Foodora courier Ivan Astos

Citing financial and safety concerns, Foodora couriers in Toronto are partnering with the Canadian Union of Postal Workers in an effort to form a union. 

CUPW National Representative Aaron Spires said they are consulting with other couriers of different companies before they launch a certification bid with the Ontario Labour Board. 

"At that point, I'm sure that there will be legal challenges that we have to face," Spires said, specifically around the fight to be classified as employees, as opposed to the current status of independent contractors. 

"We have all confidence that the Ontario Labour Board will deem these workers either as employees or dependent contractors." 

In a statement, Foodora did not address the issue of the workers looking to unionize, but did say they care about the well-being of its drivers, provide a WSIB package and open-door policy. 

"We're proud that the average earnings across the country in March were a competitive rate of $21/hr.

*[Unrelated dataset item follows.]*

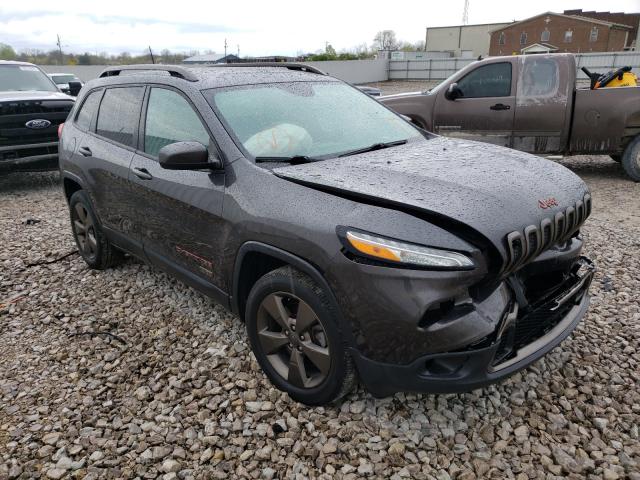 2016 jeep cherokee l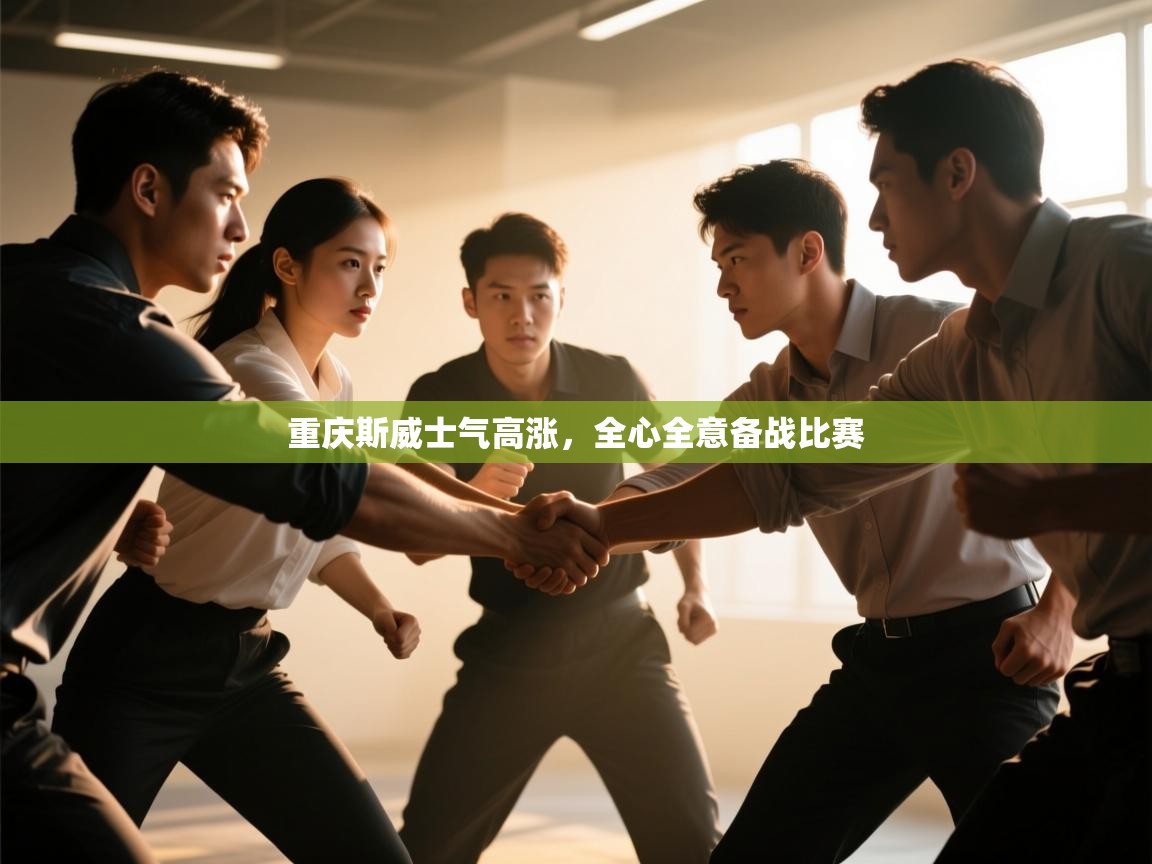 重庆斯威士气高涨,全心全意备战比赛 第1张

We've been working on a project with our global team where we'll regularly collect feedback from new and existing riders across Canada, with the goal of maintaining a high level of satisfaction," the statement said, adding a new initiative is coming in the fall.

But various riders disputed the funding model as unsustainable and inconsistent with inflation, as Foodora charges 30 per cent per order to restaurants, while paying 1 km per km of travel for each courier, while they also receive $4.50 from customers. 

One courier, a Syrian refugee named Ahmad, said couriers can go hours without an order.

"You may not find available slots to work, that's what made me join three companies at the same time," he said. "That's what many couriers are doing." 

Another courier, Hunter Sanassian, points out he's expected to take care of his own bike maintenance, cell phone data plan and travel. 

He adds car drivers also have to pay for parking tickets, gas and maintenance. 

"I'm broke," he said. "I work my tail off and despite my diligent financial habits, I can barely put any savings aside at the end of the month." 

But along with minimum wage, the couriers goal of health benefits is arguably more important considering they have to ride in all conditions of Toronto weather and traffic. 

When it comes to the WSIB package, courier Ivan Astos had a first-hand experience when he fractured his elbow in a crash in September. 

"They asked if I could complete the delivery, when I said I wouldn't, they put the onus on me to coordinate with another courier who I didn't know, for him to come, pick up the food and complete the delivery, they did not even tell this person that I was injured," he said. 

The couriers say they recognize the riding hazards of the job. 

"Regardless of knowing it's a dangerous job, everyone deserves safety," Astos said. "I really don't think this is a big ask." 

"I really don't think it's fair that I'm the only job where people expect to get hurt and have the onus put on them."

Spires said the same applies to looking for minimum wage. 

"A courier would be signing a contract regardless to make sure that they can pay their bills," he said. 

Spires acknowledges however there have been discussions about the impact the move could have on delivery costs, saying this could result on prices to customers going up. 

But he argues that Foodora is well-positioned for such a change, considering the profitable market of Toronto. 

"Workers trying to make sure that they can afford to live shouldn't be the ones that are scapegoated for a company's decision to try and charge customers more."